Beautifully charged bead

Electricity and Magnetism Level 5

A little charged bead is inside a fixed and uncharged hollow sphere of radius $R$ made of insulating material. The mass of bead is m and charge is $q$ . A charge $Q$ when kept at bottom of the hollow sphere, the bead is in equillibrium at the vertex of the sphere. If the bead is in stable equillibrium then $Q \geq$

Assume $k$ is an electrostatic constant.

\dfrac{mgR^2}{kq}

\dfrac{4mgR^2}{kq}

\dfrac{mgR^2}{2kq}

\dfrac{8mgR^2}{kq}

1 solution

Ťånåy Nårshånå
Jul 3, 2015

If change in potential energy is positive, then also the position is stable equilibrium position so using this we get a factor 4 rather than 8.

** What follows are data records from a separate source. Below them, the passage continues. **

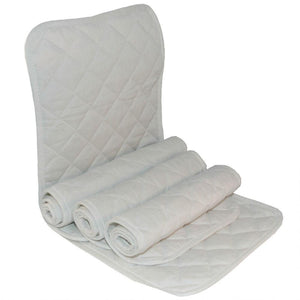 Equine Textiles Quilt Pillow Wrap - EZhorse.com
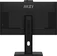 MSI PRO MP275QPDG, 27"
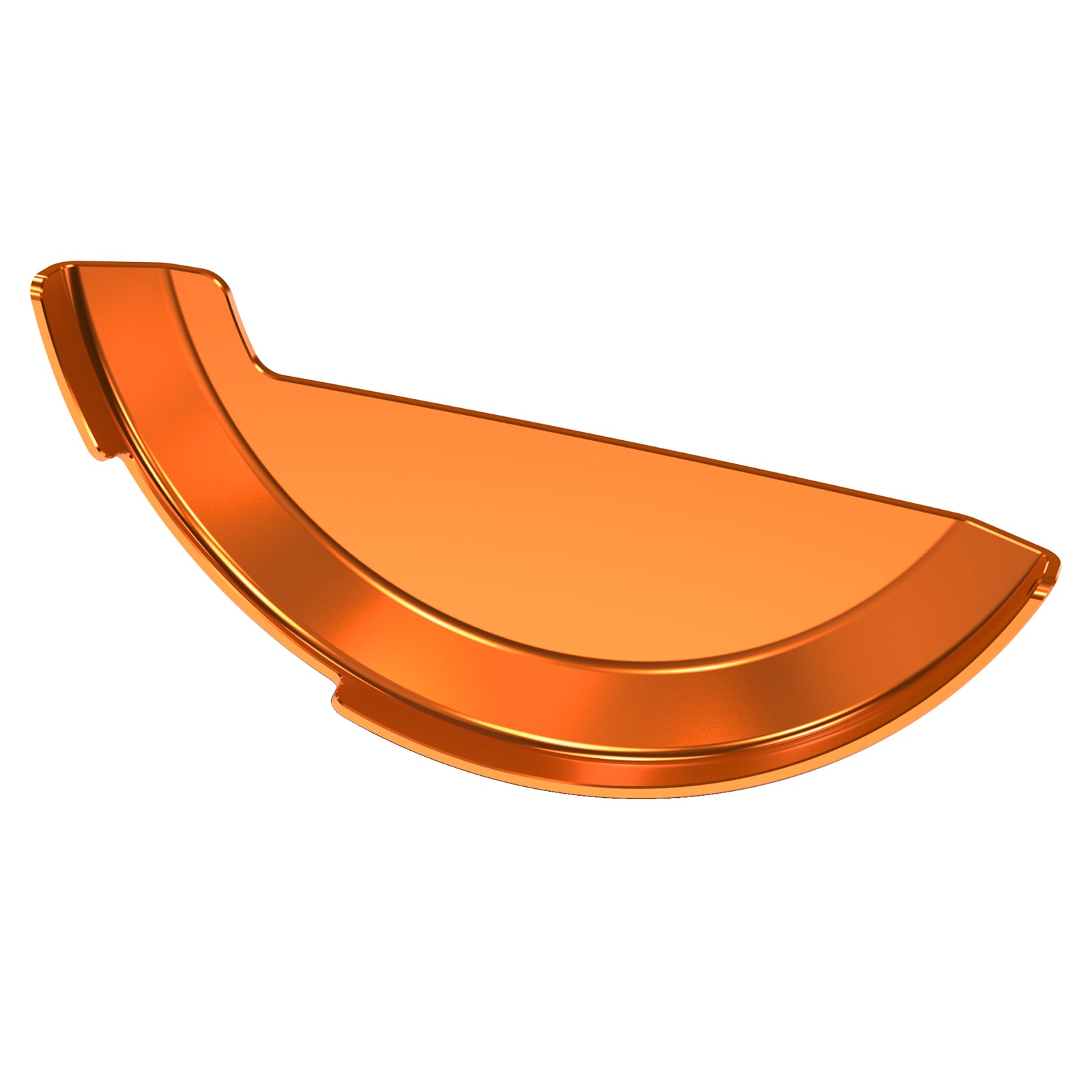 Engine Clutch Case Cover Guard For KTM RC 250 390 Adventure Duke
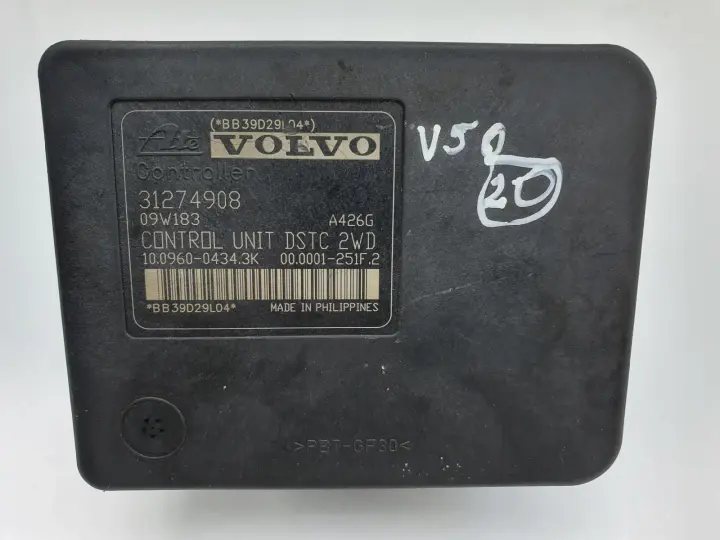 1c18bda91027901d9cf4e2b0390808c2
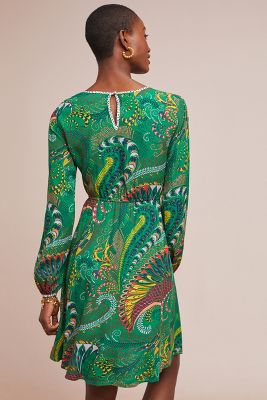 ankara tops styles for ladies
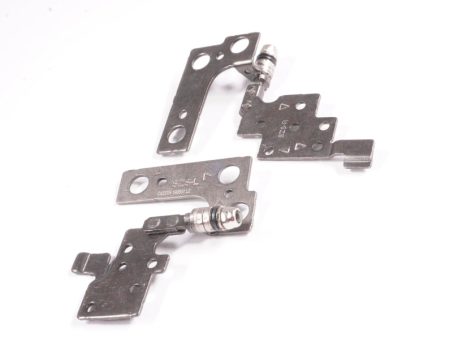 New CPS-71727 Asus Laptop Hinges Sale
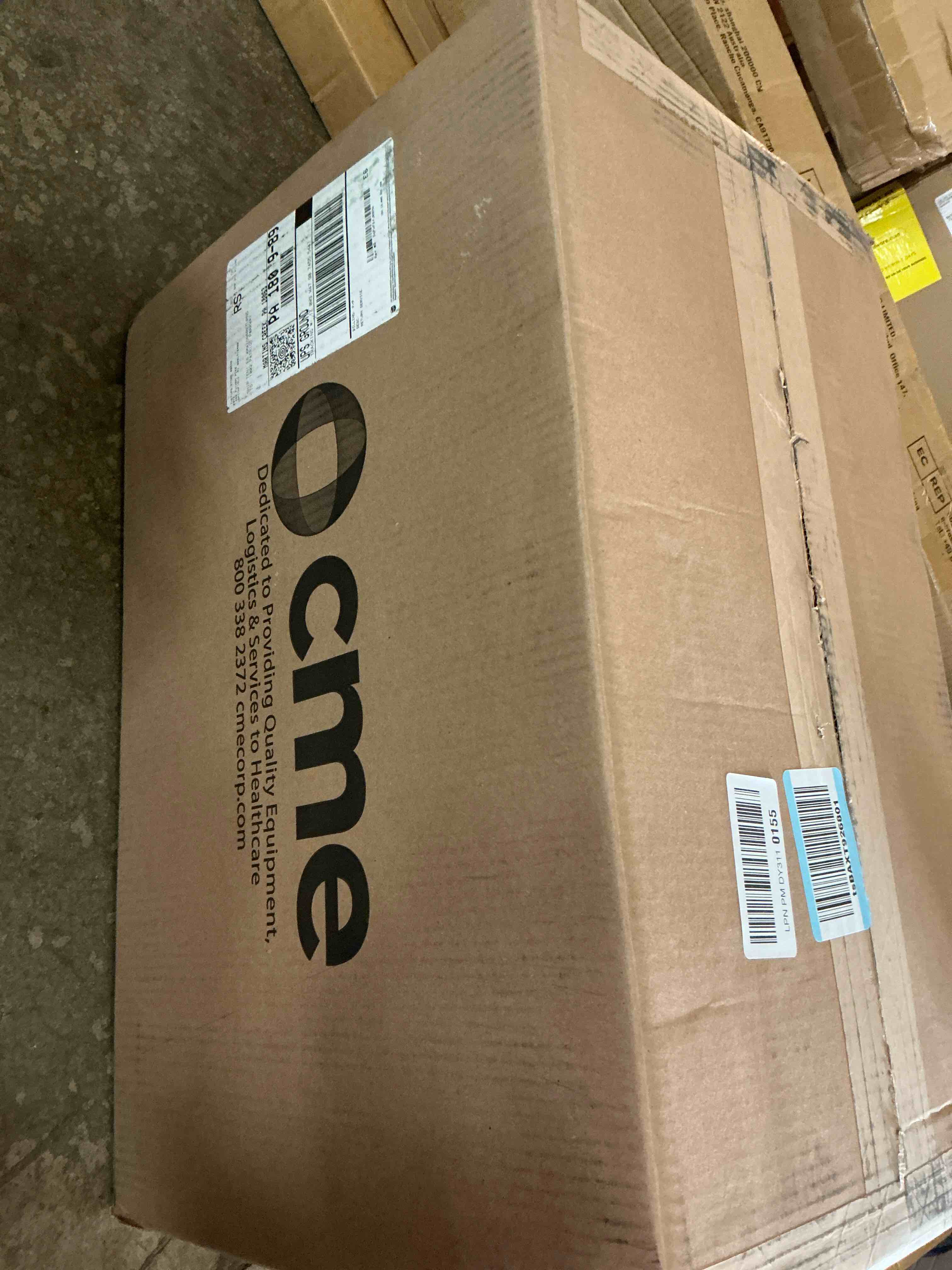 https://s3.amazonaws.com/lotting-images-prod/bidfta/GRA3457206_1757890405597.jpeg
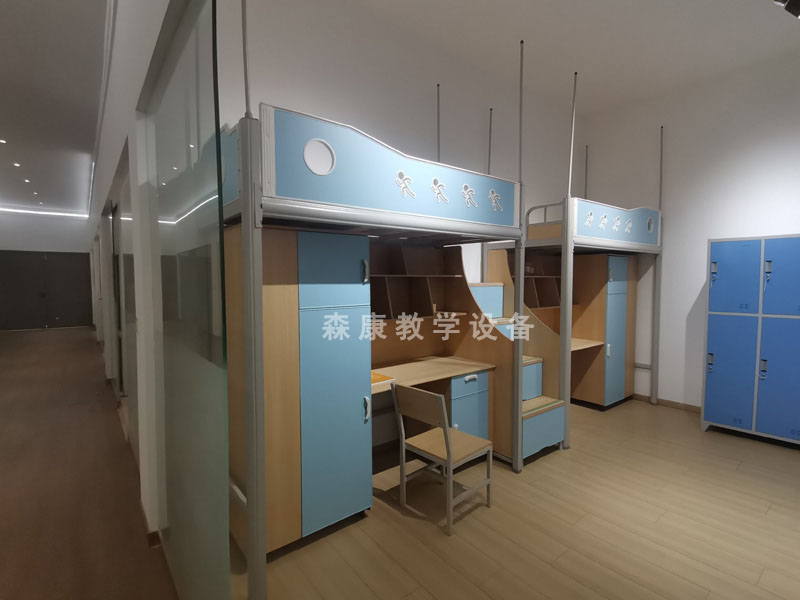 展厅一�?>
</div>
<p>展厅一�?/p>
</a>
</li>
<li>
<a href=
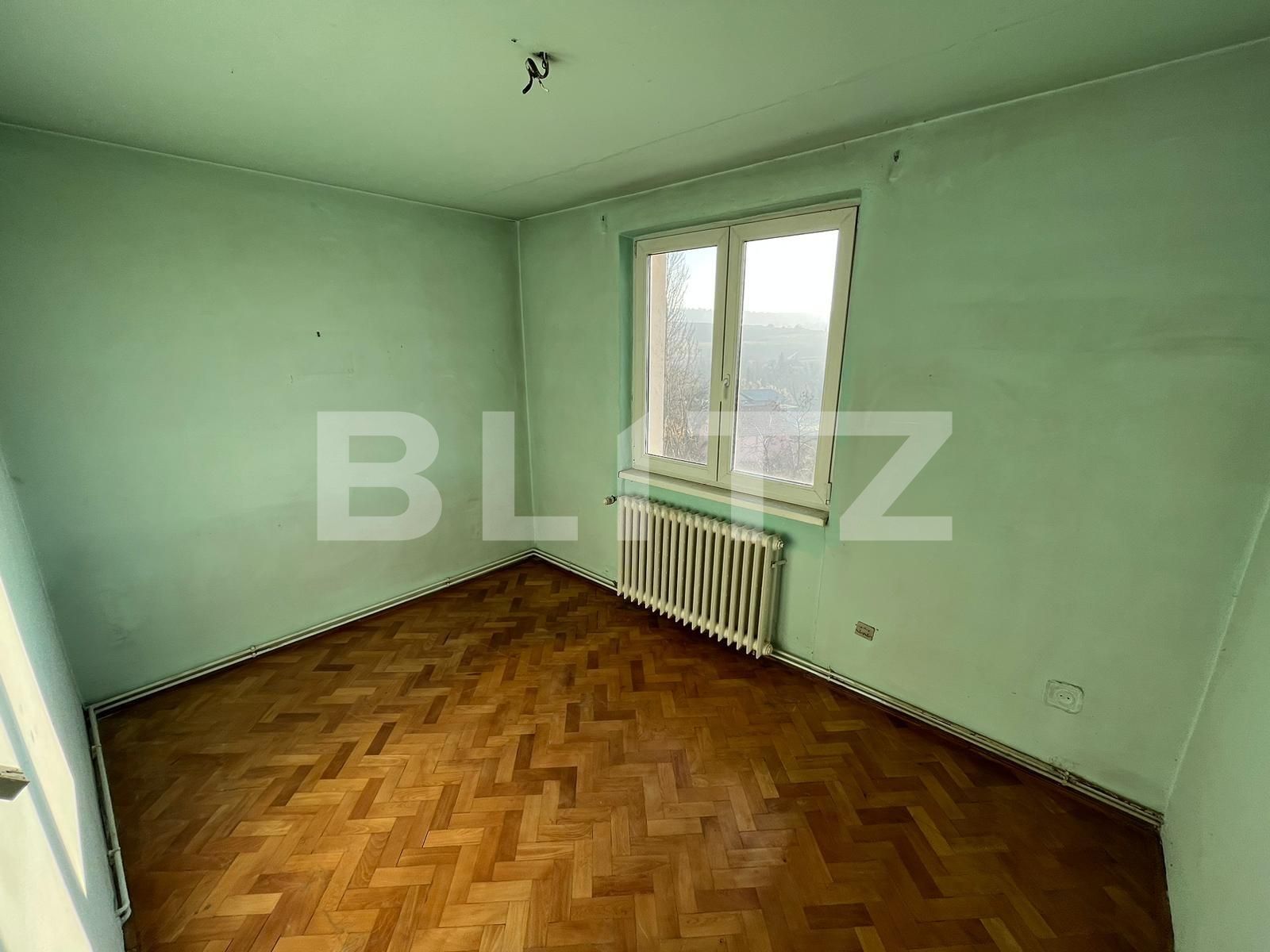 Apartament de vânzare 3 camere 1848 - 105133AV | BLITZ Târgu Mureș | Poza6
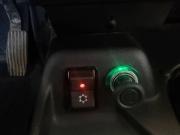 Lada (ВАЗ) 2121 (4x4) I Рестайлинг Челябинск  - изображение 31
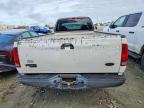 2004 Ford F-150 Heritage Classic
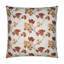 Demi Pillow Cover & Insert-73411408-114601001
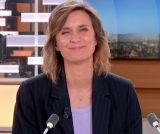 Émission du mercredi 25 février 2026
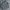 LAINE Casual Casual shirt Pria gray blue photo 1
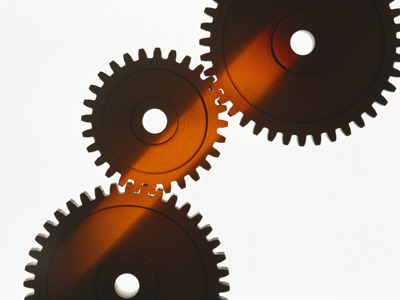 有备无患:初中和小学的五大区别 有备无患:初中和小学的五大区别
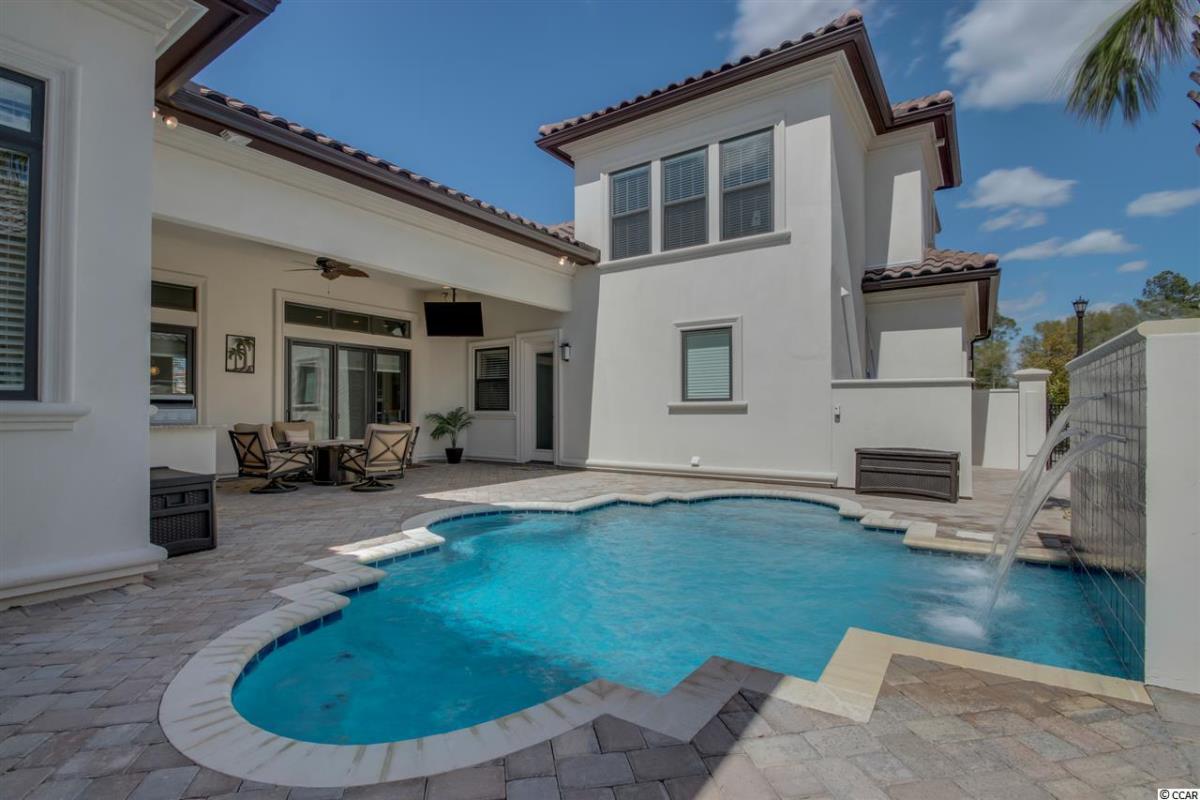 5 Tips for Buying a Home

@Spandan Senapati please help.

Harsh Shrivastava - 4 years, 1 month ago

Lets displace by an angle $\alpha$ .Stick to the horizontal passing through centre as the reference for gravitational potential energy.So $U(\alpha)=(kqQ/2R)sec\alpha /2+mgRcos\alpha$ .Now differentiate wrt $\alpha$ and use approximation .You will get $Q>=8mgR^2/kq$

Spandan Senapati - 4 years, 1 month ago

Thanks bro, I did a bad mistake, took angle subtended at arc also to be alpha, I was sleepy at morning :P

Harsh Shrivastava - 4 years, 1 month ago

Yes $d/dx(dU/dx)>0$ .I too took the same that displacements are in vertical direction rather its along the sphere itself.So Write the potential energy and see you will get it.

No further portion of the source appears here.